# Simulator Experience



## WillBrink (Feb 15, 2009)

Tried it at a local place that uses one for their course required to get an LTC.* Ever used  a shooting simulator? This was my first time, and it was a blast. Worlds best video game. Does a simulator replace range time? Of course not, but it also allows you to do many things you cant do at a range, either for practical reasons or safety reasons or both. I could  see taking a course based on the simulator as being another worthy tool in the tool box as there is an endless amount of scenarios and such that can be thrown at you. 

My first thought of course was “I gotta get me one of these!” That was tempered a bit once I learned the cost of the set up (10k or so) but if you figured what you could save in ammo, it could be done at home, and what it could add to your shooting abilities, might still be worth it! I recommend everyone try one of these gizmos at least once.

Most interesting to me is the gun. I had expected the let down of a simulator to be a lack of realism with the gun. However, the gun is a stock Glock handgun (forget the model #) thats got a specialized barrel and other gizmos that are driven by high pressure air. The result is, recoil is essentially like shooting a 9mm Glock with approx noise level as if you had your ears on. So, the actual shooting experience has the realism needed there. 

FAS is supposed to have more advanced courses using the simulator and I can see it would be of value as one more tool in the tool box for LEO (some of whom have depts. Already using simulators) and civilians looking for additional training and experiences. Of course mil has been using simulators f all kinds for years. 

The only real draw back of a simulator is obvious: it’s a tool, and a potentially good one, but can *NEVER* replace range time, etc. 

* www.massfirearmsschool.com

Why I was there: Went to Mass Fire Arms school with GF for her required course  to get her LTC (on Valentines day no less!) and owner of  MFS offered to let me play the simulator. My GF is from the Midwest and has been to the range with me, etc, so she’s not new to guns per se. I think she out shot the men in the class... Once she was told  their were no ammo limits to the simulator, she used the modified Glock more  like an SMG and just ripped across BGs. Proud moments…I was calling her “Uzi Annie” all the way home ‘till I was told to “shut up”, but I digress....:)


----------



## AssadUSMC (Feb 15, 2009)

Looks good - like a newer version of FATS.  I've trained in FATS simulators lots of times in the Marines, DEA, my current gig.  Definitely helps to know how to handle scenarios and graphically demonstrates where your shots are going on moving, man-sized targets.


----------



## WillBrink (Feb 15, 2009)

AssadUSMC said:


> Looks good - like a newer version of FATS.  I've trained in FATS simulators lots of times in the Marines, DEA, my current gig.  Definitely helps to know how to handle scenarios and graphically demonstrates where your shots are going on moving, man-sized targets.



For sure.
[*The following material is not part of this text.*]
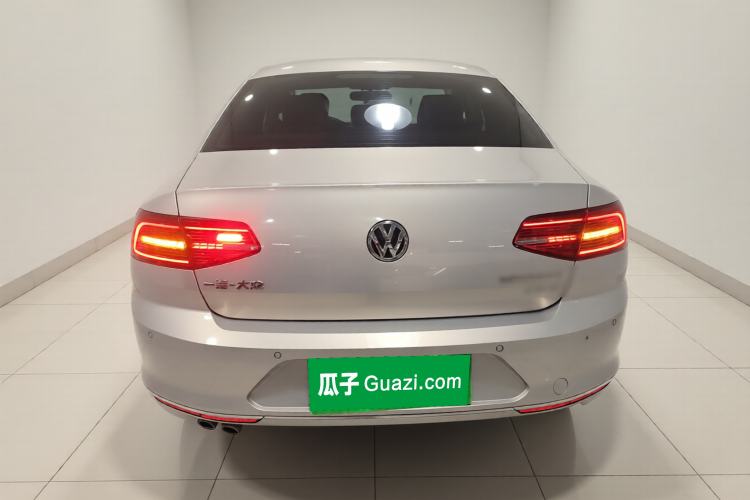 Used Volkswagen Magotan 2018 330TSI DSG Advanced Model Rear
One thing I learned is I had a bad habit of shooting non threats. Range, IDPA, etc can simulate good guys from bad, but this simulator has a good guy who looks like the wrestler Steve Auston with only a badge on his belt and a gun pointing at you. Your threat bells go off and you are pulling that trigger a millisecond before you see that tiny badge on his belt. I rarely if ever shoot good guy targets in say IDPA or in courses, etc as it's obvious who is who. This simulator had good guys and bad differing only by a badge on their belt or in their hand, and your eyes go right to the gun. Good learning experience there.

Another great thing about this simulator. We all know BGs don't go down as we might want after our neat double tap to the chest. The computer will randomly select number of rnds it takes for them to drop, which really messes with your normal training patterns. One guy might go down with a single shot, but others might take 5-6rnds, which throws off your tempo. We know this is a fact of "real world" encounters but most  still fall into a tempo in our shooting patterns, and this exposes that weakness for those (me!) who have not experienced that first hand.  It also adds interesting decision making when dealing with tactical priority and or sequence of the targets. 

In this simulator, women were always BGs.


----------



## AssadUSMC (Feb 15, 2009)

Good points - I've taken tons of target discrimination drills... You can usually come out on top if you can discern threat/non-threat in less than 1 second (not counting an ambush).

Also, the multiple hits thing is very important.  I know a lot of schools preach controlled pairs (i.e. double-tap), then assess... Too many people think, "Oh I put two shots on him, I'm good."  If there's more than one assailant, that's probably a good way to approach it:  neutralize (even if temporarily) a threat, move to the next one.  However if there's one bad guy, just keep pumping high-quality shots until the threat is gone.


----------



## Centermass (Feb 16, 2009)

FATS were never designed to replace range time. 

Their primary purpose is to get you think, decide and act, although marksmanship plays a minor role.


----------



## AssadUSMC (Feb 16, 2009)

Centermass said:


> FATS were never designed to replace range time.
> 
> Their primary purpose is to get you think, decide and act, although marksmanship plays a minor role.



Of course, just like a treadmill never replaces hitting the road...

I think it's good to show all the range hotshots how they can suck when the target is moving, ducking, etc.  I know lots of folks that can punch pretty little holes in paper, but then lose the plot when things get active.


----------



## Mac_NZ (Feb 16, 2009)

Sounds like our WETS.  Can be a good training tool but it aint the same without the sweat and being burnt by your mates ejecting brass.


----------